I run experiments exploring hyperparameter space and use optuna to do so. Normally I have ~10 hyper parameters and after ~1000 trials the visualization provided by optuna-dashboard gives me the feeling the search space has been processed. I do a 3-fold CV so one trial includes three train, predict, evaluate cycles.
With the size of our dataset, the time I am willing to give to one trial is ~0.25 hours:
1000 trials = 400 hours = close enough to two weeks of running my desktop 24/7
I train using xgboost/lgbm CPU. I have explored cloud GPU options and do not use them for two reasons:
- The main part of the time is not the GPU number crunching, it is the evaluation code.
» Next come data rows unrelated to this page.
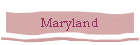 Maryland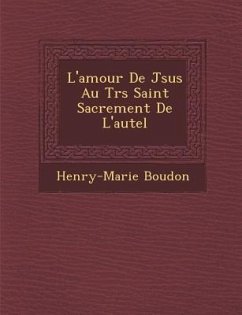 L'Amour de J Sus Au Tr S Saint Sacrement de L'Autel - Boudon, Henry-Marie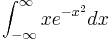 \int_{-\infty}^\infty x e^{-x^2} dx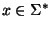 $ x\in\Sigma^*$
- With the amount of RAM required to process our dataset, the options are too expensive to let them run for days
One trial with 2k trees (the example model size) and the whole dataset in a 3fold (50% train size) cv and some hyperparameters takes Xh to compute. X because I never let it finish. I expect X to be in the range of 8-12 hours. That is not too much for the final training run, but way too much for the experiment. So I have to downsize. I do that by sampling the dataset. At the moment I sample every 30th row like
data = data[::30]
That reduces the training time significantly, but leaves me with another question:
If my experiment yields e.g. 1500 trees as the optimum value.
How can I be sure that that is the best value not for 1/30th of the data, but also for the whole data?
That argument does not stop with the number of trees but expands to every hyperparameter, in particular to: learning rate!
We all know that a low learning rate creates a little increment per tree and thus you should do more trees to prevent underfitting. If you have a too high training rate you will give too much weight to the data you look at first (aka overfit). So I have to take the learning rate into the equation. I am currently using the highly scientific furmula:
trees = -2700 * learning_rate + 3003
to get tree values between 300 and 3000 for learning rate values of
Finally I arrive at my main question: How do I scale back up to the full dataset?
Do I multiply the number of trees by 30 (the reduction factor of the data)?
Do I divide the learning rate by 30?
Do I do both?
Do I do neither, because it is a complete void assumption that there is such a trivial relation between training dataset size and learning_rate/trees?